Why the shift — Temu’s limits and the geopolitics of price
Temu helped Pinduoduo export China's price advantage fast. But cheap clearing channels do not create durable brands. Recent import-tax and de minimis policy changes in the U.S. and the EU have already dented Temu’s traffic and margins; more importantly, the overseas model mainly served as a giant clearance channel rather than a brand-building engine. The consequence is fragile profitability: when tariff or logistics levers change, price advantages quickly evaporate. So the stated goal of New Pinmu is to turn volume-led distribution into long-term pricing power by building brands that stick in consumers’ minds.
How New Pinmu intends to operate — from data to product to global shelf
New Pinmu reportedly aims to act as a “general contractor”: a Shanghai-registered hub that uses Pinduoduo’s buyer data, China’s dense manufacturing clusters, and Temu’s global fulfillment to define, produce and distribute brands end-to-end. That contrasts with last year’s cash subsidies and traffic support to merchants — defensive measures that protected supply but did not create intellectual property or brand equity. Think of it as reversing the value chain: data-driven product definition, then manufacturing, then global marketing and distribution. Can Pinduoduo scale genuine brand operation in three years? It is asking suppliers to jump from pure contract manufacturing to co-creating and co-owning brand value.
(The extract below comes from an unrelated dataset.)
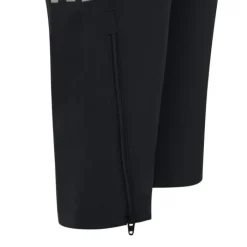 adidas Run Wovem Pants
Competition, timing and the hard execution test
Competition will be brutal. SHEIN has already pursued a similar data-and-supply approach from a different entry point, and comparisons to Amazon Basics or Costco’s Kirkland are inevitable but imperfect. It has been reported that Temu’s 2026 GMV target is about $130 billion, with a longer-term global aim near $250 billion — aggressive growth targets that make the timing critical as European de minimis and other policy windows close. Success will hinge on two things: whether New Pinmu can build independent brand-operations capabilities rather than just a rebranded distribution arm, and whether Europe and other markets can sustain Temu’s growth long enough for those brands to take root. Pinduoduo is betting three years and RMB1,000bn on an answer.